==== Source information ====
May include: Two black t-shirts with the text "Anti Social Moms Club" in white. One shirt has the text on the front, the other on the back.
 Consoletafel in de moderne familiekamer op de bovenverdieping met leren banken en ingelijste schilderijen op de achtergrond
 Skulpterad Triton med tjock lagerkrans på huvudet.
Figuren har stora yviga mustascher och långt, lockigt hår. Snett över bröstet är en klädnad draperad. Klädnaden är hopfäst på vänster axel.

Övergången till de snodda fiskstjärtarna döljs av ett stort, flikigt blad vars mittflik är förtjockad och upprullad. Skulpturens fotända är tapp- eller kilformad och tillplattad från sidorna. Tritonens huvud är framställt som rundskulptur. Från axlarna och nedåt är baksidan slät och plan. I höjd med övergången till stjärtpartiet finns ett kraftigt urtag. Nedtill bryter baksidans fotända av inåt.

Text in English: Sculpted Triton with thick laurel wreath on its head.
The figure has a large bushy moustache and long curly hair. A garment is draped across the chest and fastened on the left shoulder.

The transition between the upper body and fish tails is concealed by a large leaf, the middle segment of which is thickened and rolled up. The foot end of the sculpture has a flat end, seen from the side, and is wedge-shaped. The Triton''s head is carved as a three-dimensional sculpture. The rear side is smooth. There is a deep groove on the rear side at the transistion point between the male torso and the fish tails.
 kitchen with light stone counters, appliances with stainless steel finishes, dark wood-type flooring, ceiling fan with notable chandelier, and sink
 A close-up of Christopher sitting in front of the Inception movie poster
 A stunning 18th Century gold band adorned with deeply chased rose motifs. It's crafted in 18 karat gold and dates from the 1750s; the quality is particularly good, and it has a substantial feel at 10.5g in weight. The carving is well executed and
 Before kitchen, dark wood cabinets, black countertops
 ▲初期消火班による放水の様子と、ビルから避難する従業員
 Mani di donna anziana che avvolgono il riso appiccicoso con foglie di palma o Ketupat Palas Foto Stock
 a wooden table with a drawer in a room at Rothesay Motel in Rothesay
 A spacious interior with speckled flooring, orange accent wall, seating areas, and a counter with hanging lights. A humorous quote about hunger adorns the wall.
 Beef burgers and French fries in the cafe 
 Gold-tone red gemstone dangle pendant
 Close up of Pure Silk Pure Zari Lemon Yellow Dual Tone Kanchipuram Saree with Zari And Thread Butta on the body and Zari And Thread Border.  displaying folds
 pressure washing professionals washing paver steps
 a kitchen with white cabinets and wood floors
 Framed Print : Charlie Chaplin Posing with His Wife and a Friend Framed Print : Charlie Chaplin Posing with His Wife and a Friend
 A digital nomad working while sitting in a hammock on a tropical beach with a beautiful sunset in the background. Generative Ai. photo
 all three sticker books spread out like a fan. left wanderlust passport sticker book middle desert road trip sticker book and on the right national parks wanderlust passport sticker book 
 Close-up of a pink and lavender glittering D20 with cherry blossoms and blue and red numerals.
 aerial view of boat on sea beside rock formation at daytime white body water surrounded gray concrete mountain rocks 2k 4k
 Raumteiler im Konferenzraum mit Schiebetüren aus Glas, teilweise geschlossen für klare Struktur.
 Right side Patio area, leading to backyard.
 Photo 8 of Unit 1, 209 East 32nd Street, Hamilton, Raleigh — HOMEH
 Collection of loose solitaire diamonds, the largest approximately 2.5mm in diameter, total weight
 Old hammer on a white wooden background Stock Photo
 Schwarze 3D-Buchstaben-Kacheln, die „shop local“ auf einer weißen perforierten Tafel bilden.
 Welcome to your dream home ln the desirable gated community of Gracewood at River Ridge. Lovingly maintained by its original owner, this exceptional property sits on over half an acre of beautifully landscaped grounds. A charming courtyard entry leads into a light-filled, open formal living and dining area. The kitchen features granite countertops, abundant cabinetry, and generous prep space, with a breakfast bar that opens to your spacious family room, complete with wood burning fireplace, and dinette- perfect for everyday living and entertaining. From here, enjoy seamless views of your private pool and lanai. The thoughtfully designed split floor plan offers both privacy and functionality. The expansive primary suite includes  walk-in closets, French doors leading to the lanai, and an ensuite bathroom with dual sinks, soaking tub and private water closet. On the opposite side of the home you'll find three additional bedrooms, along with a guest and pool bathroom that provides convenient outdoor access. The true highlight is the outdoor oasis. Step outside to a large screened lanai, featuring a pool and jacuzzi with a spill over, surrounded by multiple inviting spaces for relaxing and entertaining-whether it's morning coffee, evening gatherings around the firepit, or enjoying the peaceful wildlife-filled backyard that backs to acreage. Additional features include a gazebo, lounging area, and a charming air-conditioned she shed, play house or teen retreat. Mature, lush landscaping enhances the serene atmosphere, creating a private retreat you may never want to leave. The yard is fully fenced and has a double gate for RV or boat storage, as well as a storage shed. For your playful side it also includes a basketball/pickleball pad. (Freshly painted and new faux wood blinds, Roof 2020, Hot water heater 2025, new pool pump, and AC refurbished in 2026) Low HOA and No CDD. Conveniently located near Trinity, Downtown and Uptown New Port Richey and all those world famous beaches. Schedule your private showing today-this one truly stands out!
====
* _What is expected_: Starting at the line that has "Text in English: Sculpted" in the records above, restate word for word every line until the one that has "A stunning 18th", and include that one as well.

* _Solution to this exercise_:
Text in English: Sculpted Triton with thick laurel wreath on its head.
The figure has a large bushy moustache and long curly hair. A garment is draped across the chest and fastened on the left shoulder.

The transition between the upper body and fish tails is concealed by a large leaf, the middle segment of which is thickened and rolled up. The foot end of the sculpture has a flat end, seen from the side, and is wedge-shaped. The Triton''s head is carved as a three-dimensional sculpture. The rear side is smooth. There is a deep groove on the rear side at the transistion point between the male torso and the fish tails.
 kitchen with light stone counters, appliances with stainless steel finishes, dark wood-type flooring, ceiling fan with notable chandelier, and sink
 A close-up of Christopher sitting in front of the Inception movie poster
 A stunning 18th Century gold band adorned with deeply chased rose motifs. It's crafted in 18 karat gold and dates from the 1750s; the quality is particularly good, and it has a substantial feel at 10.5g in weight. The carving is well executed and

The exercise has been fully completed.